● Entries supplied
************
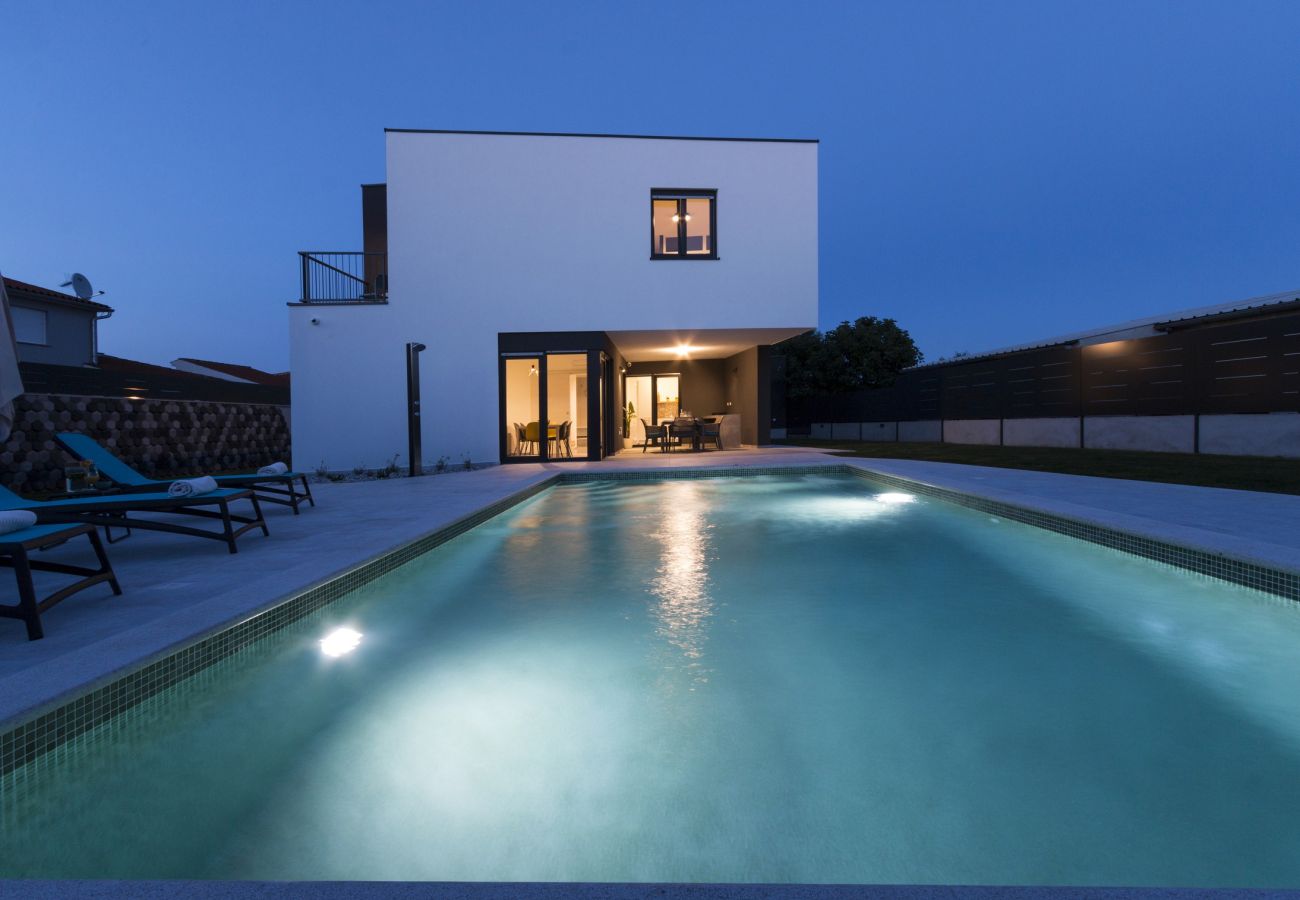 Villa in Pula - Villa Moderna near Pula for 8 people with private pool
************
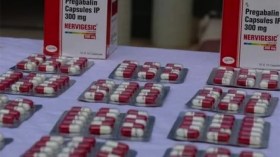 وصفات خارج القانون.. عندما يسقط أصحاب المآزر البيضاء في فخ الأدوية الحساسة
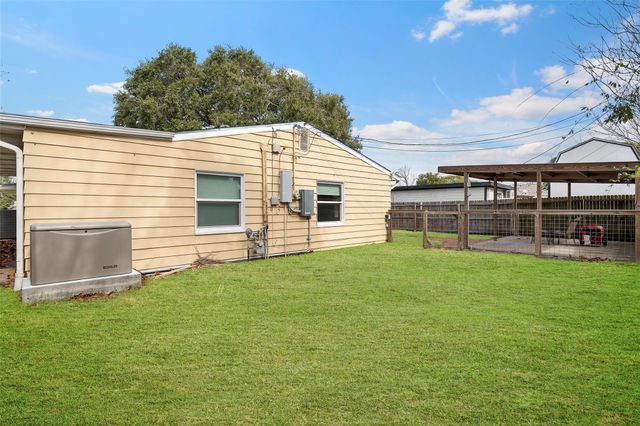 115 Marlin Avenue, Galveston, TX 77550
************
● The task
Copy only this from above: the line containing "وصفات خارج القانون..", the line containing "115 Marlin Avenue, Galveston, TX 77550", and all lines between, printed exactly. Leave out the pictures.

● Answer space
 وصفات خارج القانون.. عندما يسقط أصحاب المآزر البيضاء في فخ الأدوية الحساسة
 115 Marlin Avenue, Galveston, TX 77550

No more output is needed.